State News

Settlement over $650,000 site cleanup falls through

By Alan Keays/VTDigger

An attorney for the state says a Rutland businessman hasn’t lived up to a pledge to provide needed documents to finalize a settlement over the $650,000 environmental cleanup of his property.

Assistant Attorney General Justin Kolber has now asked Judge Helen Toor to hold a hearing to determine how much money John Ruggiero, the owner of the site of a former dry-cleaning business, must pay the state for the cleanup it did of that property.

The state cleaned up the site in 2014 after deeming it an “environmental emergency.”

Ruggiero, at a hearing in the case last month, told the judge he would give the state and the court a document listing other properties in the city he intended to sell to reimburse the state for the cleanup.

He said in court that those documents would be filed by July 3.

“(T)he State has received nothing,” Kolber wrote in a recent filing.

The attorney added that he tried to contact Ruggiero. However, Ruggiero hasn’t responded to messages, Kolber wrote.

That lack of response appears to derail a tentative settlement the parties reached in April. Kolber at the hearing last month said that without the document from Ruggiero outlining how he intended to raise the money to pay back the state, the settlement would be off the table.

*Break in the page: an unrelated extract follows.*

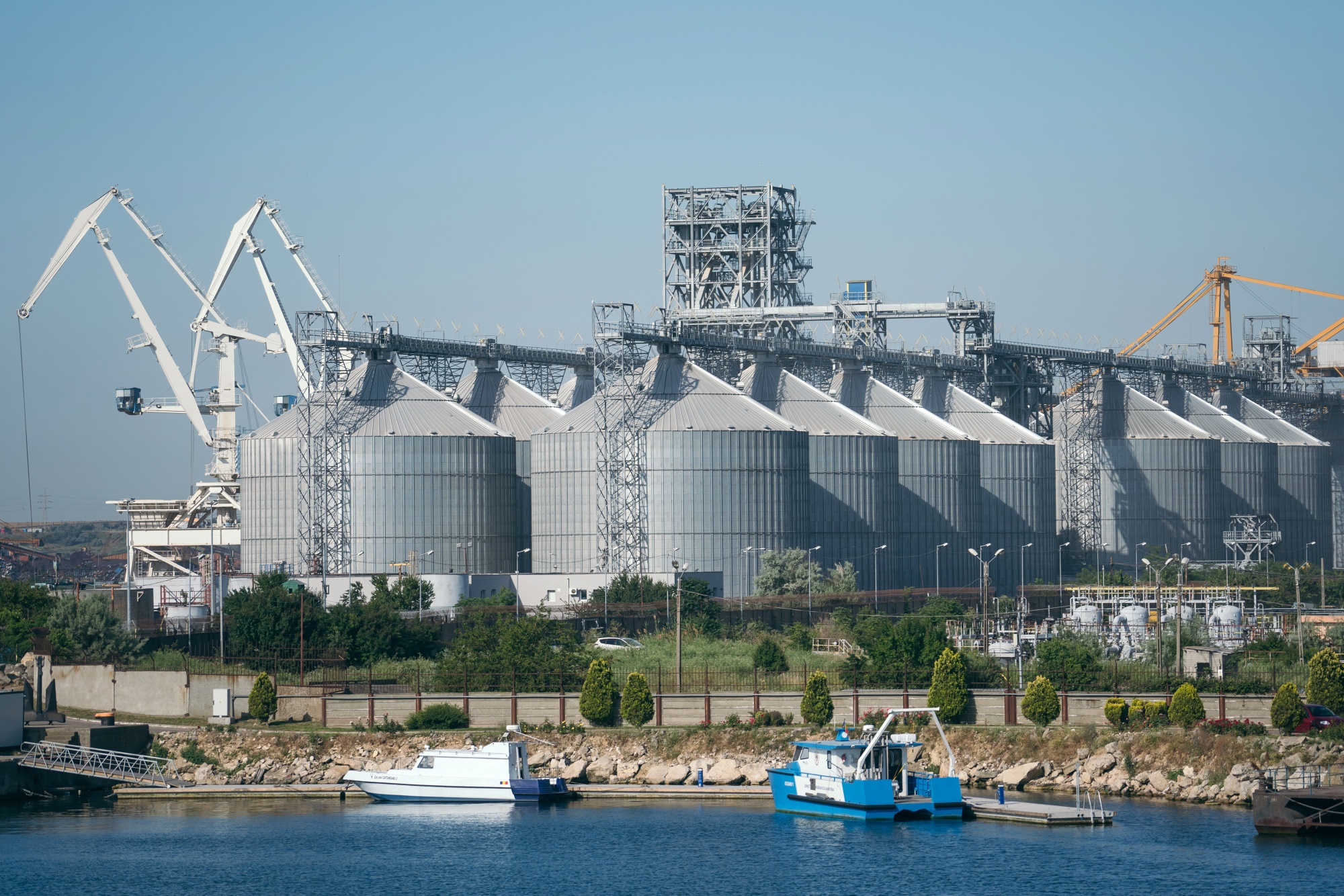 Forțele Navale din România, Bulgaria și Turcia își încep misiunea de distrugere a minelor din Marea Neagră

Details of that tentative settlement were never made public because it wasn’t finalized. It did, however, include Ruggiero paying back the state for the cost of the cleanup, which has been pegged at $650,000.

Kolber in his recent filing called on the judge to schedule a “damages hearing” to try to collect the money.

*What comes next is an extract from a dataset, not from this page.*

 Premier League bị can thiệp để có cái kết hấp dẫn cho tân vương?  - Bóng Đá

In addition to covering the cost of cleaning up Ruggiero’s property on Woodstock Avenue, former site of Filippo Dry Cleaners, the judge could assess monetary penalties against him.

The judge has set that hearing for Sept. 25 in Rutland Superior Court.

Ruggiero could not be reached Friday for comment.

The state’s case against him has spanned several years and included many legal twists and turns. It also included the unusual step of the state stepping in and cleaning up a property belonging to a private landowner.

In 2014, after Ruggiero failed to do it himself, the state decided it was time to clean up the property to prevent the situation from worsening.

The state said at the time that immediate action was needed to stop migration of a plume of tetrachloroethylene, a dry cleaning solvent and known human carcinogen, toward a nearby residential neighborhood.

The cleanup did take place before any of the contamination spread to the neighborhood or put anyone at risk, according to state officials.

The dry cleaning business, which started in the 1970s, remained in operation until 2001.

Ruggiero, who owns and manages about 20 properties in the city under a number of corporate names, had purchased the property at a tax sale in 2004 for $10. The state had repeatedly tried to have him clean up the property.

State officials believed the contamination was the result of decades of the dry cleaning business operating at the site.

Ruggiero has said in the past he didn’t have the financial resources to pay for the cleanup. A former lawyer, Ruggiero was sent to jail in 2006 for mail fraud, and many of his properties in the city are delinquent on taxes.